Keep only the lines from the top of the listing through the one with "#ad Tokemoti 925", and reproduce them unaltered.

==================================================

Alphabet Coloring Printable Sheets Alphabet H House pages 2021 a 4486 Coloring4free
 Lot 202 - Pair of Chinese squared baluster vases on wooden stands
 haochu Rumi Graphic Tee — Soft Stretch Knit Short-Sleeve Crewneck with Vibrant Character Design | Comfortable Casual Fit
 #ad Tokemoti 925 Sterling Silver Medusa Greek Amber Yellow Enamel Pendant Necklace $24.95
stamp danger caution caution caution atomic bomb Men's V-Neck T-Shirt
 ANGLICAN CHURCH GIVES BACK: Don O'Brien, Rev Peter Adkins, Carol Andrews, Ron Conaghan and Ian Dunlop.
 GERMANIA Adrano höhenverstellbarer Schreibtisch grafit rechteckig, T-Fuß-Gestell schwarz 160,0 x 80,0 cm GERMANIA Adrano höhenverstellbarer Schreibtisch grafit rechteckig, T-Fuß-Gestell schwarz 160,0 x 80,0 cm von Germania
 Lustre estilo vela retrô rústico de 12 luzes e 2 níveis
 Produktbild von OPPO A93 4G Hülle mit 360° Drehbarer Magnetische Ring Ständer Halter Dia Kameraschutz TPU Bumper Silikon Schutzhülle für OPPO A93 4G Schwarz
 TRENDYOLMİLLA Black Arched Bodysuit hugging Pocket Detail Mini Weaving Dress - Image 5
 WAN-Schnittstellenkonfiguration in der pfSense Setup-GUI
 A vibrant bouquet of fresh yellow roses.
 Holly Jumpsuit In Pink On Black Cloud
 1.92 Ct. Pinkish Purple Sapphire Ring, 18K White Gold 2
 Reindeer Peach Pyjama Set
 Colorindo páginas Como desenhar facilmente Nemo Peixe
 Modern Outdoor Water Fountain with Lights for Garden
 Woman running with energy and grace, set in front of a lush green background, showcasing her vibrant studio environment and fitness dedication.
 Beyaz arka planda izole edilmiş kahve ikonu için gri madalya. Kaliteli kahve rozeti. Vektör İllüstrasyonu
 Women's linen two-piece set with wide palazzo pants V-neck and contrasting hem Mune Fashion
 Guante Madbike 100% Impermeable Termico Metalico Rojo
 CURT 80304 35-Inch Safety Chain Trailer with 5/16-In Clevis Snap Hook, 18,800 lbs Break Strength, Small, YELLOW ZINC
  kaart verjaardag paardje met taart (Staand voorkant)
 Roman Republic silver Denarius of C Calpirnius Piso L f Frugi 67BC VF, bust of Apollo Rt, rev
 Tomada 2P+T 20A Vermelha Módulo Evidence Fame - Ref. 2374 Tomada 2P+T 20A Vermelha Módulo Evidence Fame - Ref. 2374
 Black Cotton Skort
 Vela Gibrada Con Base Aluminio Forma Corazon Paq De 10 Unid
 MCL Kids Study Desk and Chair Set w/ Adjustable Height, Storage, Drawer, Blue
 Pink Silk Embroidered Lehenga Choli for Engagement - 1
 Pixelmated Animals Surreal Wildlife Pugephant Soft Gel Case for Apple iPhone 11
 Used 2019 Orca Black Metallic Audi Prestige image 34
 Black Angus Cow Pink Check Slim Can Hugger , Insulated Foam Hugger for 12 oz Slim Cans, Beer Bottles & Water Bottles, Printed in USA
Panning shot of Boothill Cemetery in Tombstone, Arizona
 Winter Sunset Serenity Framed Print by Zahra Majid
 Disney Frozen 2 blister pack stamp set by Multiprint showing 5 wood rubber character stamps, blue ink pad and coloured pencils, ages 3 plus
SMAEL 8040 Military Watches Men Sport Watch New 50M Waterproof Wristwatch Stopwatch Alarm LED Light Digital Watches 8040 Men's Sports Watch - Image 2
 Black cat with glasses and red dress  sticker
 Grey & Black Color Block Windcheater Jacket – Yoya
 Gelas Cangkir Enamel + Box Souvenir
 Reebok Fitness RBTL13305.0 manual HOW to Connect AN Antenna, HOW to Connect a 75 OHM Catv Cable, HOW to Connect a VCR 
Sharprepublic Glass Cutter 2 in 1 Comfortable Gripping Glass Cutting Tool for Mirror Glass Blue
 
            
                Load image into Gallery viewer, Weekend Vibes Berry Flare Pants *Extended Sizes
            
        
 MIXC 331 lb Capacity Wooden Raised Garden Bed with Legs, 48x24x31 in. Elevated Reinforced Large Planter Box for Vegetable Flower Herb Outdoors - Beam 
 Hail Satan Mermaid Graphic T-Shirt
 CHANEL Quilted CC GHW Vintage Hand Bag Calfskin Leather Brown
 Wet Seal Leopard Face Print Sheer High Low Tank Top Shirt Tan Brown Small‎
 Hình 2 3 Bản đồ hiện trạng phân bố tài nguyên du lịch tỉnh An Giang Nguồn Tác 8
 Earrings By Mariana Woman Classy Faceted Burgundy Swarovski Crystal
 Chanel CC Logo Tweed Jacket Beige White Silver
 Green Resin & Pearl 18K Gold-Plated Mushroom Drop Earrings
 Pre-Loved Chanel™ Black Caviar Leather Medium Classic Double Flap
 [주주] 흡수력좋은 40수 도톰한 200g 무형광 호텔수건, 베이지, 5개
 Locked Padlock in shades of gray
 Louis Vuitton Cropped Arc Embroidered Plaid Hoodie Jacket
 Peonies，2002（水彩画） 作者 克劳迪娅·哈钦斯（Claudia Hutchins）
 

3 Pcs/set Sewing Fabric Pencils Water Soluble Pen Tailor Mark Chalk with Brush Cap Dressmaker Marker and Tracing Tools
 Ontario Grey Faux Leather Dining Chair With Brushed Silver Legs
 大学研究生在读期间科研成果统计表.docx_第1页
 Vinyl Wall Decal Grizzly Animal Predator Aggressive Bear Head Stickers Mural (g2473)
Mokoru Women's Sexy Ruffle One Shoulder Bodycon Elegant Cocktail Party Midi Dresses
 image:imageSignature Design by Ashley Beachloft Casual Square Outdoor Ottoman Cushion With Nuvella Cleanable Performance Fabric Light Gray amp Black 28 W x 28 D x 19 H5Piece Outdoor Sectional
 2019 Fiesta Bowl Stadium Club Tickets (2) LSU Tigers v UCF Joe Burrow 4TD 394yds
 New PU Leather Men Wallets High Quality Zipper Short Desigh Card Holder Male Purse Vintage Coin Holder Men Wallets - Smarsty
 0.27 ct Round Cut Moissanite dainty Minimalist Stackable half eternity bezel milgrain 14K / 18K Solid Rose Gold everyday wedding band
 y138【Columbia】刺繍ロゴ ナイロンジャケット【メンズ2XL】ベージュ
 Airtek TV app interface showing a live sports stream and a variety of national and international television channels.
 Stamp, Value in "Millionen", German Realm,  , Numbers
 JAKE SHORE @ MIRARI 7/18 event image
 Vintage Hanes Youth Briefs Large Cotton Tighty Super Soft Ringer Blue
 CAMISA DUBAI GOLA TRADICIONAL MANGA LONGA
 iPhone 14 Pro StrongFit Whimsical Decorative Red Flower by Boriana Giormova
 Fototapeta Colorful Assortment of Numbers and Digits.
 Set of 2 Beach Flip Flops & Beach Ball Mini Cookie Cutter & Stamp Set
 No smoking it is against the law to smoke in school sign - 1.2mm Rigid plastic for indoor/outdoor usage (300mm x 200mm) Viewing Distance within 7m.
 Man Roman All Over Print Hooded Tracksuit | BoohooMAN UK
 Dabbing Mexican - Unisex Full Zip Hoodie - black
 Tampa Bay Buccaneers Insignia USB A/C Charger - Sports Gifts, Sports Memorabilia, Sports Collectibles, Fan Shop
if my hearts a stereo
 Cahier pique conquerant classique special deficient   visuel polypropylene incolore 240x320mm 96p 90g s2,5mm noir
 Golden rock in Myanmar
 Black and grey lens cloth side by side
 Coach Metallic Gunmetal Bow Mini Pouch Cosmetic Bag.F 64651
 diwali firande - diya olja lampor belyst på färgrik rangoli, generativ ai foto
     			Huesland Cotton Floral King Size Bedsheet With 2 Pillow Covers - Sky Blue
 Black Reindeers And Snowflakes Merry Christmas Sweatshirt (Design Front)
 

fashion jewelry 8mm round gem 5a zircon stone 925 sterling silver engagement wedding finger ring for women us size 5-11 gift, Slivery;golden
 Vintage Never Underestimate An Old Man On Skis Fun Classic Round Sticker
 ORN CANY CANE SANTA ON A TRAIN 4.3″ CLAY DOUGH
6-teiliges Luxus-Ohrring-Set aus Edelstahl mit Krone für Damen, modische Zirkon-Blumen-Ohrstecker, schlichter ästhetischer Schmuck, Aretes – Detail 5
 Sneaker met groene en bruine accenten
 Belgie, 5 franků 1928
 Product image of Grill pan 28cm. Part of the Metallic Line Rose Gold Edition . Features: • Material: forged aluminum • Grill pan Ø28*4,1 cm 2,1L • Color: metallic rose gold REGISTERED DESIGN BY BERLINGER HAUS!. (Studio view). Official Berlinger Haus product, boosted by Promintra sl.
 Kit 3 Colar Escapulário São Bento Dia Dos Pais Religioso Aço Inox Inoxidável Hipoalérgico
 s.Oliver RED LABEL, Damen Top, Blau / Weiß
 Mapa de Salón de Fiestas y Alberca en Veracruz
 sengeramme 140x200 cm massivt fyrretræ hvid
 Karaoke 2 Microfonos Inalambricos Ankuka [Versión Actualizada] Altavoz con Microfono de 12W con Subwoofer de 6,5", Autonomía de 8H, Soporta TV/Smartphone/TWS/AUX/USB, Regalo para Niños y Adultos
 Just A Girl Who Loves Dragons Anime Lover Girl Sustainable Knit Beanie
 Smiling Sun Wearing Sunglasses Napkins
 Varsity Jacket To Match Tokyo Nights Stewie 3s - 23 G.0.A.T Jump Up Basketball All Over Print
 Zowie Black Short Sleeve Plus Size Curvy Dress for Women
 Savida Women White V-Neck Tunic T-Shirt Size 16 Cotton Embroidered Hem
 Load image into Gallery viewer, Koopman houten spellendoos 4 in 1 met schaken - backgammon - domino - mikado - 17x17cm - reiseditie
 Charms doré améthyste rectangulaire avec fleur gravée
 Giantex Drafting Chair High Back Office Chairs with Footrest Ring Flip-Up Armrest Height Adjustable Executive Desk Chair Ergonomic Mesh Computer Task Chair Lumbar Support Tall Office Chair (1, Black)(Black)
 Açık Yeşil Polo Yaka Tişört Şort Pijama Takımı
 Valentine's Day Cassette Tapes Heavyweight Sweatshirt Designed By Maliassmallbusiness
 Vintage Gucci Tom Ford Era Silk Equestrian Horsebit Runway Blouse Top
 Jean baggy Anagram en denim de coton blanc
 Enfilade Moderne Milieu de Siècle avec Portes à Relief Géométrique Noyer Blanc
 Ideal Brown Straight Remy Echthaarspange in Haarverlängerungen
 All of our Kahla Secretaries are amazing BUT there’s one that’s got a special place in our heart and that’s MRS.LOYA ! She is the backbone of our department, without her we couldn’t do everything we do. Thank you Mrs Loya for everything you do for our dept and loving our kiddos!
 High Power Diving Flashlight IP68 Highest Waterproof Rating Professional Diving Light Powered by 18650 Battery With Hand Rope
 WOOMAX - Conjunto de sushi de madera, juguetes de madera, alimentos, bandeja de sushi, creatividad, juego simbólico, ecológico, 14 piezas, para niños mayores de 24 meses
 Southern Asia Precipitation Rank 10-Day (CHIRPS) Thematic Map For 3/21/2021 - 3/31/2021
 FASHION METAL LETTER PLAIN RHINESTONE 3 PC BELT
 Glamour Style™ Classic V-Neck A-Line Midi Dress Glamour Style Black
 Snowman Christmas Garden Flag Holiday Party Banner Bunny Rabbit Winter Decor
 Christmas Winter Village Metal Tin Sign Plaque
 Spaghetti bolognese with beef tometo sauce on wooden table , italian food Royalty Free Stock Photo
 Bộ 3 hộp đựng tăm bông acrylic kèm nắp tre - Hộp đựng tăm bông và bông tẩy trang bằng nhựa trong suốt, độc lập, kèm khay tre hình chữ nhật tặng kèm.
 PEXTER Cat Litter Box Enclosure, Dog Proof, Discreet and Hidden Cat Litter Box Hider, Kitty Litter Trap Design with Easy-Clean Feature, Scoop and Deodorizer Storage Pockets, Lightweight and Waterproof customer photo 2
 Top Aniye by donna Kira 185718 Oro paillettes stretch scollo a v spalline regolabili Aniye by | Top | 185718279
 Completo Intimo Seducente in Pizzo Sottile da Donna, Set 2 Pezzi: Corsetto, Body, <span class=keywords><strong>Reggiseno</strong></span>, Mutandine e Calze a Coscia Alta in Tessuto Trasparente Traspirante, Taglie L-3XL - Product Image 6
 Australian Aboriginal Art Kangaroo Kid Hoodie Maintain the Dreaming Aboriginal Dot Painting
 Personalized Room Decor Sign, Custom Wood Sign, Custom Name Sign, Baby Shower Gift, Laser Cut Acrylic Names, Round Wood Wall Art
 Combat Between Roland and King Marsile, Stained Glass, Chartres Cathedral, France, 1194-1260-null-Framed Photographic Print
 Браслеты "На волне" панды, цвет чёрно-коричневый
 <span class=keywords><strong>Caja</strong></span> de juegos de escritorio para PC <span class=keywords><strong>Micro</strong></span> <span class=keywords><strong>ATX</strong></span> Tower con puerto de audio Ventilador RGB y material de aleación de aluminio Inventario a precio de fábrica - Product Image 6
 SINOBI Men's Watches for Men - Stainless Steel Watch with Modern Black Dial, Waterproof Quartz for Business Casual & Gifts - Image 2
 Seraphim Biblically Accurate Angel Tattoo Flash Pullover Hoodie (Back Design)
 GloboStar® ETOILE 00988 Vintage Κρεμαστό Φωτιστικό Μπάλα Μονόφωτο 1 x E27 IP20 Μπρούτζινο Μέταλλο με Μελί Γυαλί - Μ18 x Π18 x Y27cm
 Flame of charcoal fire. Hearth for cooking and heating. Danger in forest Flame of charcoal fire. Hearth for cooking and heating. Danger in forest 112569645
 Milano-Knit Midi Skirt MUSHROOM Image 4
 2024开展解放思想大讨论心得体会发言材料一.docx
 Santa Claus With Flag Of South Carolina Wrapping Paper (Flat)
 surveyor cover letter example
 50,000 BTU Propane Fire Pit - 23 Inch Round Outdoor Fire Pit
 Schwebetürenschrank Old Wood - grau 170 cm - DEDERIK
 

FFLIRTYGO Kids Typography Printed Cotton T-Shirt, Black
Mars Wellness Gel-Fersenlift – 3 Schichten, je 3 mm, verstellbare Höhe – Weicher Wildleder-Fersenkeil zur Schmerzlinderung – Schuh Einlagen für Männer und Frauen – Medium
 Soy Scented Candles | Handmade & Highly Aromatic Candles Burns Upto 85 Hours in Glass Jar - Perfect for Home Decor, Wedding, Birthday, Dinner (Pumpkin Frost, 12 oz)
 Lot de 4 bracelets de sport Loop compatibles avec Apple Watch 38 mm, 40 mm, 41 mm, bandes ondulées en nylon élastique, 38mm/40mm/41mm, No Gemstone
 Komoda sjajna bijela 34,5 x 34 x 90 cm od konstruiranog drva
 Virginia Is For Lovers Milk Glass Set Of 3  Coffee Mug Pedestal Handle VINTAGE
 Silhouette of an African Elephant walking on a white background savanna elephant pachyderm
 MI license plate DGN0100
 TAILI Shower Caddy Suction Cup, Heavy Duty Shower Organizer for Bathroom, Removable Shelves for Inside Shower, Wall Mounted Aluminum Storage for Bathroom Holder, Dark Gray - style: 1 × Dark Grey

==================================================

_WRITTEN RESPONSE:_
Alphabet Coloring Printable Sheets Alphabet H House pages 2021 a 4486 Coloring4free
 Lot 202 - Pair of Chinese squared baluster vases on wooden stands
 haochu Rumi Graphic Tee — Soft Stretch Knit Short-Sleeve Crewneck with Vibrant Character Design | Comfortable Casual Fit
 #ad Tokemoti 925 Sterling Silver Medusa Greek Amber Yellow Enamel Pendant Necklace $24.95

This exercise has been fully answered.